Cut the spaghetti squash in half lengthwise and scoop out the seeds. Brush the squash with olive oil, season with salt and pepper, and place cut-side down on a baking sheet. Bake in preheated oven for 30 minutes.
Meanwhile, heat a large skillet over medium-high heat. Add the sausage and cook, breaking it up with a spoon, until browned and cooked through, about 8 minutes. Transfer the sausage to a plate and set aside.
Add the walnuts to the skillet and cook until fragrant and lightly toasted, about 3 minutes. Transfer the walnuts to the plate with the sausage and set aside.
Add the cream, Parmesan cheese, butter, and garlic to the skillet and cook, stirring constantly, until the cheese is melted and the sauce is thickened, about 5 minutes. Return the sausage and walnuts to the skillet and stir to combine.

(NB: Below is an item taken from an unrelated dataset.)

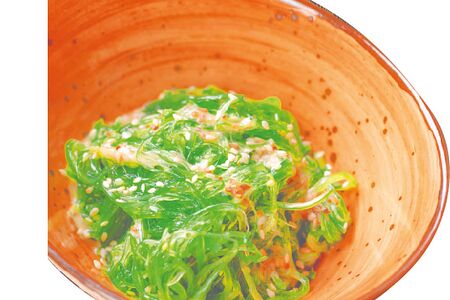 Салат Чука с ореховым соусом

Remove the spaghetti squash from the oven and use a fork to scrape the flesh into strands. Divide the squash between 4 plates and top with the sausage and walnut Alfredo sauce. Serve immediately.
Interesting Facts
Spaghetti squash is a low-calorie, nutrient-dense vegetable that can be used as a healthy substitute for pasta.
Walnuts are a good source of protein, healthy fats, and fiber.
This dish is gluten-free and dairy-free, making it a great option for people with dietary restrictions.